§ Extracted records
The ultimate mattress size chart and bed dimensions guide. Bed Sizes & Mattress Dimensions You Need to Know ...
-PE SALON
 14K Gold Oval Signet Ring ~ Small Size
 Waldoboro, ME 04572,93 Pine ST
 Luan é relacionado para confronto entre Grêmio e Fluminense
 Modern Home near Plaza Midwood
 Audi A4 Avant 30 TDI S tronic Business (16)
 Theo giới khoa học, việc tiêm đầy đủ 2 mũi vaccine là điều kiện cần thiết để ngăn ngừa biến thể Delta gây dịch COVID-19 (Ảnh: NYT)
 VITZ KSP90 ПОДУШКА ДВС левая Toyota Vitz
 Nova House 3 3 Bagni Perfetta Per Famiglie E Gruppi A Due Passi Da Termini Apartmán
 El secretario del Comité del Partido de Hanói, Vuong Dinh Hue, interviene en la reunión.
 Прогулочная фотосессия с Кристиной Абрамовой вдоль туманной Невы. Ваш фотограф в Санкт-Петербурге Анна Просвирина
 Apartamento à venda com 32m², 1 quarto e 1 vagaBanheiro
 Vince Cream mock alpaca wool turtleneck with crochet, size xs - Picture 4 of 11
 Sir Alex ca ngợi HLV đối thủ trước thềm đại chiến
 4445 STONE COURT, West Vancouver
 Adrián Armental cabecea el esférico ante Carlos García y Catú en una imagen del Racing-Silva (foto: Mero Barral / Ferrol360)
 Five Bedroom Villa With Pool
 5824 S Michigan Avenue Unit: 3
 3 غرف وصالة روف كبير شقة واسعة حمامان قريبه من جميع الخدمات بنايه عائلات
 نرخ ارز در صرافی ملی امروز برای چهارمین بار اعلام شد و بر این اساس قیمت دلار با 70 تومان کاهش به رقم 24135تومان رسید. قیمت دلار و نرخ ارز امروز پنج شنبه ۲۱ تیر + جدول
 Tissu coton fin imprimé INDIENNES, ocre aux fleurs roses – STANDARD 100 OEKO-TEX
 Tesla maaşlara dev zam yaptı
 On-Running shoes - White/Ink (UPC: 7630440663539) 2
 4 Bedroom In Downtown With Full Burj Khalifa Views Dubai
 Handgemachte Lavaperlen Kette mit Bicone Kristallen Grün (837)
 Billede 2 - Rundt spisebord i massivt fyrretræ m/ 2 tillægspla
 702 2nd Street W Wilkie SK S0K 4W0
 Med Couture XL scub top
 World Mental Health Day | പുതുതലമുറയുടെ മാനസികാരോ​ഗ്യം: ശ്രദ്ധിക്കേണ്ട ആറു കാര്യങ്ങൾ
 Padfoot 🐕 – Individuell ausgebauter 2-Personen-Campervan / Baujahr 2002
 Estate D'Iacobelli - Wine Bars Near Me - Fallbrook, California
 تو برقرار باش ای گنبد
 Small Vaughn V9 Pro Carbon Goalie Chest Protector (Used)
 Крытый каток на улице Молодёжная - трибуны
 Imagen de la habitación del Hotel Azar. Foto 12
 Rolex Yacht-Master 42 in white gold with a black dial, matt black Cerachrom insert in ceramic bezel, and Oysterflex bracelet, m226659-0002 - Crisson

§ What to produce
All lines containing "Small" in the material above should appear in your reply, copied exactly.

§ Solution to this exercise
 14K Gold Oval Signet Ring ~ Small Size
 Small Vaughn V9 Pro Carbon Goalie Chest Protector (Used)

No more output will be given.